Video games have turned movies for children into crashing bores. Character development has been subsumed into fight scenes and cool visuals stand in for a true sense of place. Instead of a plot, the characters run around assembling the tools they need to fight the final boss. Why can’t they just reason with him? Do children not need to learn more about life than how to win a battle on a boat built of enchanted leaves? This movie takes place entirely in an ancient Japan, but in a time when magic replaces human growth. Witches can fly, inanimate objects can literally point out the next step and the dead can walk amongst the living. When Kubo ends up on his quest, he is accompanied by a talking snow monkey (voiced by Charlize Theron, whose deadpan delivery is very charming) and a large enchanted beetle (voiced by Matthew McConaughey, who quite reasonably asks why Kubo has a name when they don’t).
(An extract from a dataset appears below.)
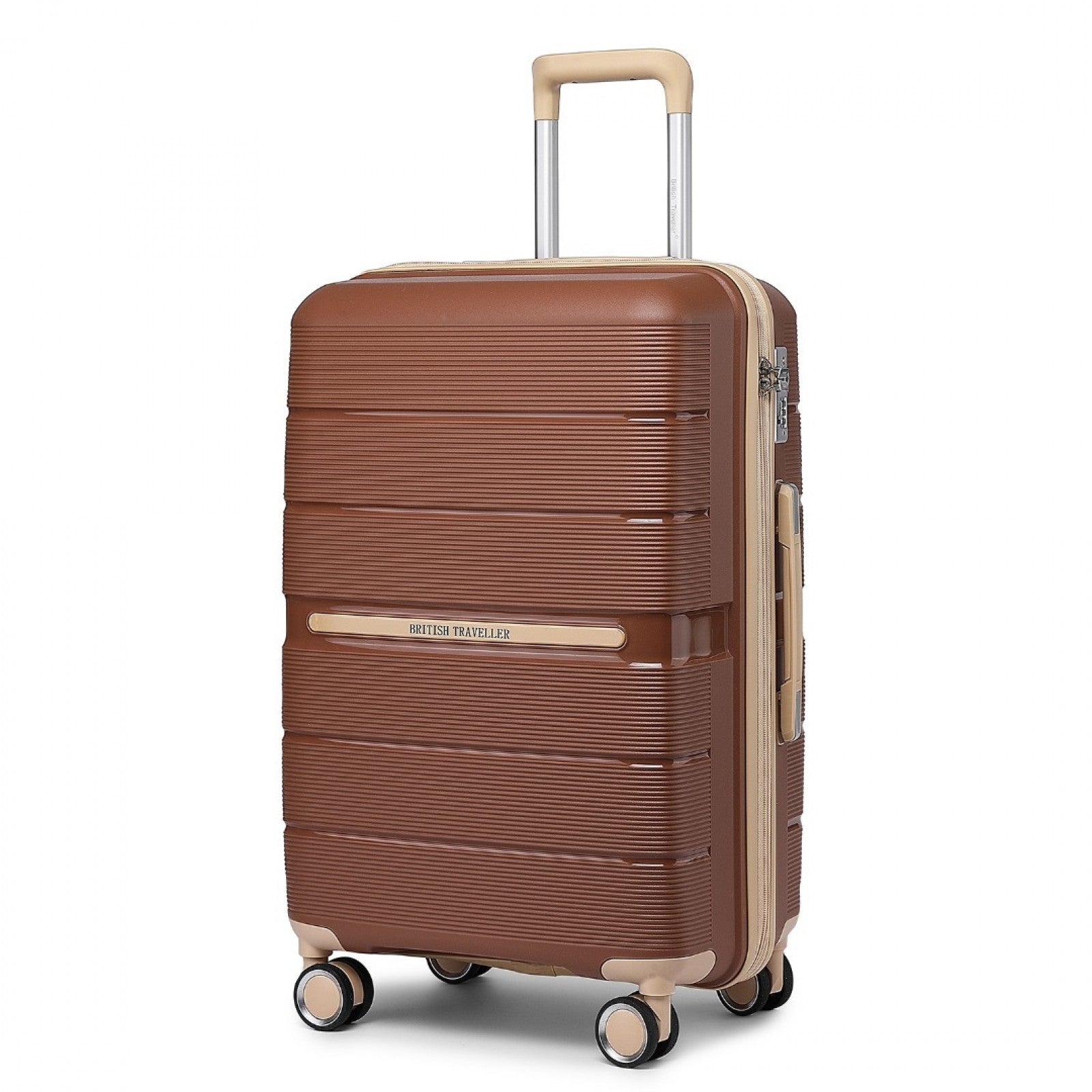 British Traveller 28 Inch Multi-Texture Polypropylene Hard Shell Suitcase With TSA Lock - Brown And Apricot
At each step of their quest, the visuals go up a notch — the underwater garden of eyes in which Kubo is nearly lost is a special treat — but when it’s just another level that must be completed in the film's running time, it is impossible to get honestly invested.
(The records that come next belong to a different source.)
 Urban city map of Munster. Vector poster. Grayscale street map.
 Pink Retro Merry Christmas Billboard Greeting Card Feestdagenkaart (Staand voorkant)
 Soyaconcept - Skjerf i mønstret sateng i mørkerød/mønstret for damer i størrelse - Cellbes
What elevates the film beyond disposable junk is the voice performance of Rooney Mara as the two murderous sisters. Their introduction is through the snuffing of a group of Japanese lanterns floating on a river, when their haunting cries literally create goosebumps. We learn a little bit about why they are so hell-bent on Kubo’s destruction, but since the screenplay (by Chris Butler and Marc Haimes, from an original story by Mr. Haimes and Shannon Tindle) does not deign to give them names either, the movie fails the Bechdel test. When it comes to women, this failure of imagination is matched only by the failure of Kubo’s mother to heal herself even though, despite her disabilities, she was able to keep her baby alive alone in a cave with no money or personal/social care skills for years. Laika is making movies which are retrograde throwbacks on the gender front. They have got to think about why their female characters are only motivated to do things for and by men instead of having free will of their own. Would it have killed them to demand the sisters to be motivated out of jealousy for Kubo’s mother’s choices instead of thoughtlessly enacting their father’s wrath? Would it not have been more moving if one or both of the sisters came out from under the patriarchal thumb?
But director Travis Knight was too busy setting up the movie like a conveyor belt, seamlessly gliding the characters from beautifully art-designed fight scene to fight scene, to think about the human emotions involved. This sense of being groceries waiting to be bagged robs the movie of any genuine stakes; set pieces either go over the heads of children watching or are just not very interesting. We know that Kubo won’t fail to face the final boss, that he is a skilled magician capable of suddenly leveling up and that no one would voluntarily submit to the person who half-blinded you as a baby. So who cares? The movie then undercuts its own premise through an act of compassion to the one person in the film least deserving of it. A disabled woman is left to rot in a cave for years, but we’re meant to rally together and be nice to this other guy. Then again, he is a man, and Kubo's mother was only a woman.